The Laguna Beach County Water District was repairing the break between two water tanks at Top of the World and West Ridge Trail. As a precaution, the Laguna Beach Fire Department issued an evacuation warning to about a dozen homes in the area.
The water flow from the water main caused mud and other debris to flow down a ravine onto Laguna Canyon Road. The water main was closed within 30 minutes of water district officials learning of the break, Laguna Beach County Water District General Manager Keith Van Der Maaten said.
A Laguna Beach Nixle alert of the road closure was first issued at 3:39 a.m. and reissued at 6:39 a.m. Motorists were asked to find alternate routes and no other details were immediately shared.
Water district officials found the water spewed from a crack in a 16-inch PVC pipe.
“I don’t know that we’ll ever get to the exact cause of why it cracked,” Van Der Maaten said in a phone interview Wednesday afternoon. An investigation into the spill is ongoing, he added.
Public works and water district employees were using a bobcat and front loader to scrape up mud and load it into a waiting dump truck to be hauled away. The highway was open to traffic in both directions by 2:30 p.m. on Wednesday, according to a Laguna Beach Nixle alert.

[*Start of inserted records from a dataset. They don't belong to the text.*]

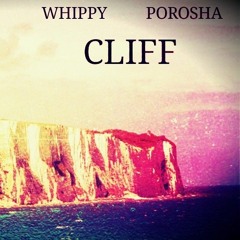 WHIPPY X SANCTIFIED (POROSHA) - CLIFF (Prod. P4RA) (𝟛𝟞𝟞)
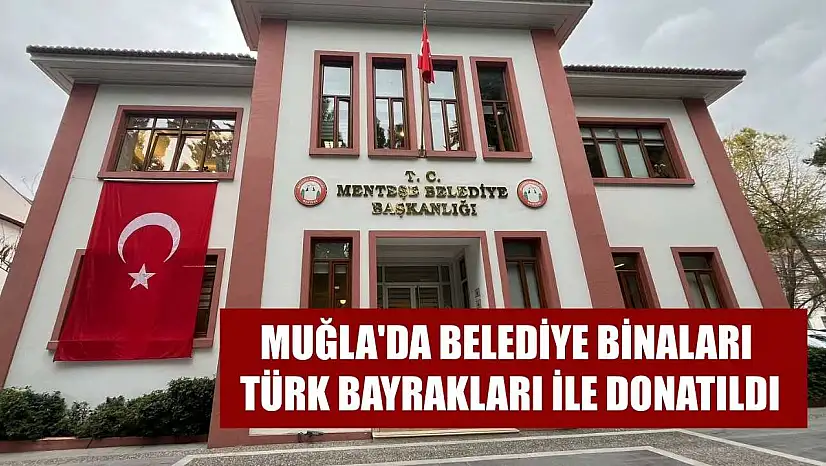 Muğla'da belediye binaları Türk bayrakları ile donatıldı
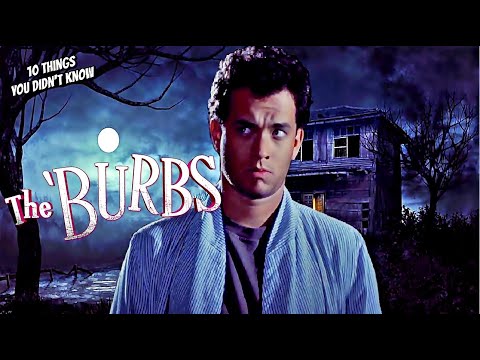 10 Things You Didn't Know About The Burbs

An Instagram story posted by the Laguna Beach Firefighters Association shows firefighters observing water running onto the 2900 block of Laguna Canyon Road before dawn. The outflow poured over a vacant property that hosted a home destroyed in the 1998 debris flow.

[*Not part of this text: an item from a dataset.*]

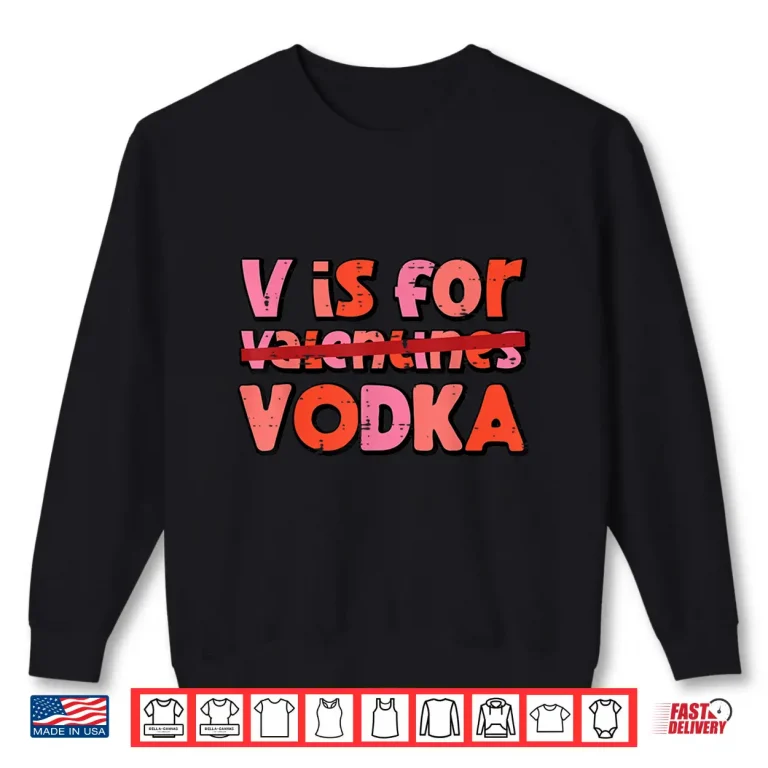 Sweatshirt V Is For Valentines Day Funny Anti Valentine Men Women Shirt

Tex Haines, owner of Victoria Skimboards, woke up to firefighters banging on his door around 3:30 a.m. to inform him he may have to evacuate. The mud didn’t come close to reaching his front door.
“We just went into flood mode and made sure the drain out front wasn’t clogged,” Haines said. “It sounded like a good-sized waterfall last night.”
Haines hiked up the doused watershed but saw very little damage from the water main break on Wednesday morning. By 9 a.m., he was still hopeful Laguna Canyon Road would reopen so his employees could get to his skimboard shop by its usual noon opening time.
Canyon Porsche was closed because customers couldn’t get through police checkpoints. An auto body repair business that subleases the commercial property was also closed.
Gavin Heath, a nearly 30-year canyon resident and former Sawdust Art Festival president, said he woke up to the sound of his next-door neighbor’s dogs barking. Initially, he suspected it was another traffic collision. He walked out his front gate and found water running onto the road.
“This is a problem for everyone. It’s not just ours,” Heath said before walking to downtown for an appointment.
Despite the occasional car crash, vegetation fire, or flood closing the only road, Heath said he can’t imagine leaving his canyon home.
“It’s pretty tranquil and beautiful. I surf and sometimes it’s pretty wild out there but I like the nature. I’m passionate about this place,” he said.
About 30 families were able to make it to Laguna Food Pantry after being waved through a police checkpoint at El Toro Road. The nonprofit has recently served an average of 160 families per day. It’s unclear how many people returned home after finding the road closed, Food Pantry executive director Anne Belyea said.
Volunteers took detours on Coast Highway to show up and help unload boxes of groceries donated by Second Harvest Food Bank and local supermarkets on Wednesday.